Exercise details:
Under this line are the records; write out word for word the part that begins at the line containing "A gray Ninja" and ends at the line containing "Bevor wir unsere Freundlichkeit vergessen", and no more.

Data:
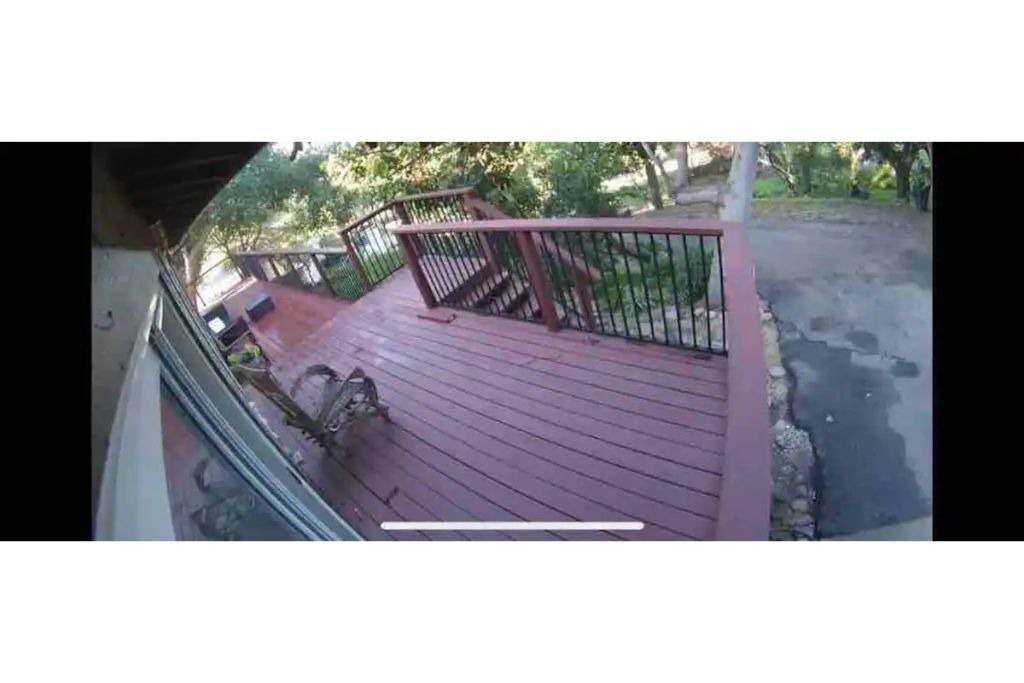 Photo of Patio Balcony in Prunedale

--

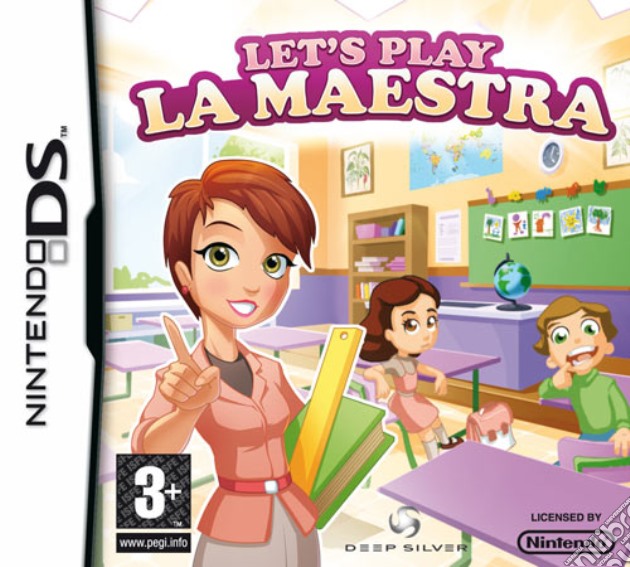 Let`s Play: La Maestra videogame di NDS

...

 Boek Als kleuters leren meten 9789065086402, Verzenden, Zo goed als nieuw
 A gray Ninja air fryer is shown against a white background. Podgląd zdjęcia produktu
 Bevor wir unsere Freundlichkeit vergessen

Answer:
 A gray Ninja air fryer is shown against a white background. Podgląd zdjęcia produktu
 Bevor wir unsere Freundlichkeit vergessen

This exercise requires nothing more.